### WHAT YOU HAVE TO DO
Within the data that follows, set down exactly the lines from the one containing "Ученые нашли способ" through the one containing "Dancing Flowers Poster", both ends included.

Extracted records
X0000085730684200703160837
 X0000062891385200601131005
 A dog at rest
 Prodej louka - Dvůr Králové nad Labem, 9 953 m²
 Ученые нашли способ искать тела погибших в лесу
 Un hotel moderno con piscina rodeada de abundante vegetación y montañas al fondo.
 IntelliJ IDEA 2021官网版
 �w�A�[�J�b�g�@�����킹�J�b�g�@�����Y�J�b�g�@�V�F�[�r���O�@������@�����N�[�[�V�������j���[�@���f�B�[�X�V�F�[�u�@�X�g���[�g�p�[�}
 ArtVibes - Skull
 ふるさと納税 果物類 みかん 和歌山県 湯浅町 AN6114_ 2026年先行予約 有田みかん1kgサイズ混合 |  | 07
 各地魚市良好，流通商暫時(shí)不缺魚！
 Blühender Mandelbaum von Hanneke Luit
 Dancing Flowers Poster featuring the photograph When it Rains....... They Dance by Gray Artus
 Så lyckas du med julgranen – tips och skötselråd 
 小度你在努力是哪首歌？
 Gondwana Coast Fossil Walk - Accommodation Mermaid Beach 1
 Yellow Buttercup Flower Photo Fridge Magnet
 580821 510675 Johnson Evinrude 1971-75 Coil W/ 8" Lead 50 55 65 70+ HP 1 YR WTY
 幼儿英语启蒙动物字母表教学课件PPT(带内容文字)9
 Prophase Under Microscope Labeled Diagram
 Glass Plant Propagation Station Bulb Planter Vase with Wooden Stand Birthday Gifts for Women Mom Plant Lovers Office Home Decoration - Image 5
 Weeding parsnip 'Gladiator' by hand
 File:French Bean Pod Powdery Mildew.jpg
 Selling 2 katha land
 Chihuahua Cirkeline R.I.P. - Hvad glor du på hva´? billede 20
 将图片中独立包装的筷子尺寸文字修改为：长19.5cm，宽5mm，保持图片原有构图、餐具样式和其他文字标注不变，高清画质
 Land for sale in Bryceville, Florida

### SOLUTION TO THE PROBLEM
 Ученые нашли способ искать тела погибших в лесу
 Un hotel moderno con piscina rodeada de abundante vegetación y montañas al fondo.
 IntelliJ IDEA 2021官网版
 �w�A�[�J�b�g�@�����킹�J�b�g�@�����Y�J�b�g�@�V�F�[�r���O�@������@�����N�[�[�V�������j���[�@���f�B�[�X�V�F�[�u�@�X�g���[�g�p�[�}
 ArtVibes - Skull
 ふるさと納税 果物類 みかん 和歌山県 湯浅町 AN6114_ 2026年先行予約 有田みかん1kgサイズ混合 |  | 07
 各地魚市良好，流通商暫時(shí)不缺魚！
 Blühender Mandelbaum von Hanneke Luit
 Dancing Flowers Poster featuring the photograph When it Rains....... They Dance by Gray Artus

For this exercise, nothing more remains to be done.